▶ [PROVIDED MATERIAL]

== Segment start ==

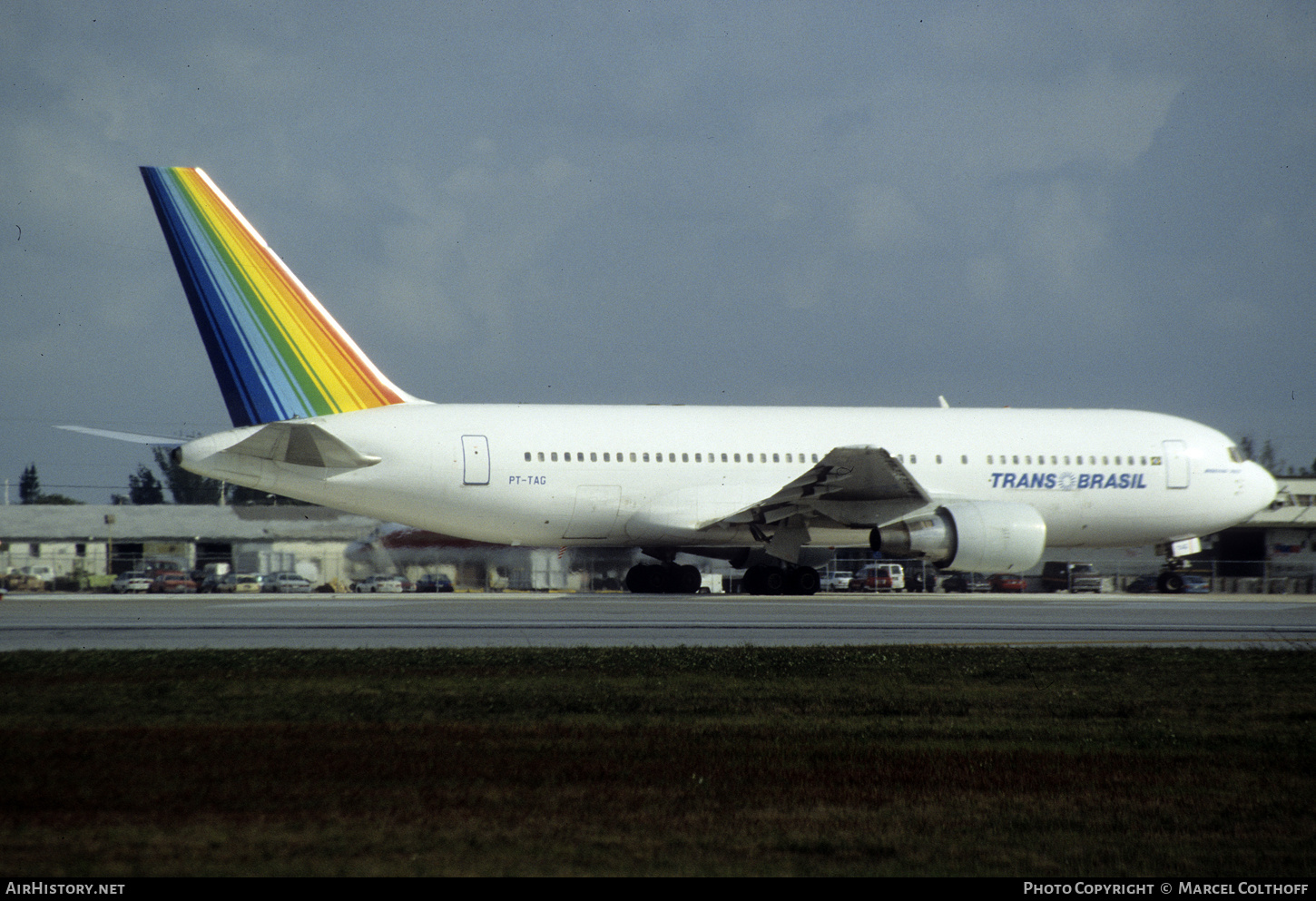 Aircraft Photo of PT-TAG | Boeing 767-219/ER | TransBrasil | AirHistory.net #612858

== Segment end ==
== Segment start ==

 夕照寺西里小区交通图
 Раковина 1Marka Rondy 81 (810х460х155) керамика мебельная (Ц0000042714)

== Segment end ==
== Segment start ==

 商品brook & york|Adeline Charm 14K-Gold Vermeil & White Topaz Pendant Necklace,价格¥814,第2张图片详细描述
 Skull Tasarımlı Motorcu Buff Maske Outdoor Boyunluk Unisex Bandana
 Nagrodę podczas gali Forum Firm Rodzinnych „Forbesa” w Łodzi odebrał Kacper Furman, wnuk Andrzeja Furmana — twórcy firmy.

== Segment end ==

▶ [WORK TO BE COMPLETED]
Extract the lines of the preceding material that run from the line with "商品brook & york|Adeline" through the line with "Nagrodę podczas gali", inclusive, reproducing them exactly and adding nothing.

▶ [ANSWER BOX]
 商品brook & york|Adeline Charm 14K-Gold Vermeil & White Topaz Pendant Necklace,价格¥814,第2张图片详细描述
 Skull Tasarımlı Motorcu Buff Maske Outdoor Boyunluk Unisex Bandana
 Nagrodę podczas gali Forum Firm Rodzinnych „Forbesa” w Łodzi odebrał Kacper Furman, wnuk Andrzeja Furmana — twórcy firmy.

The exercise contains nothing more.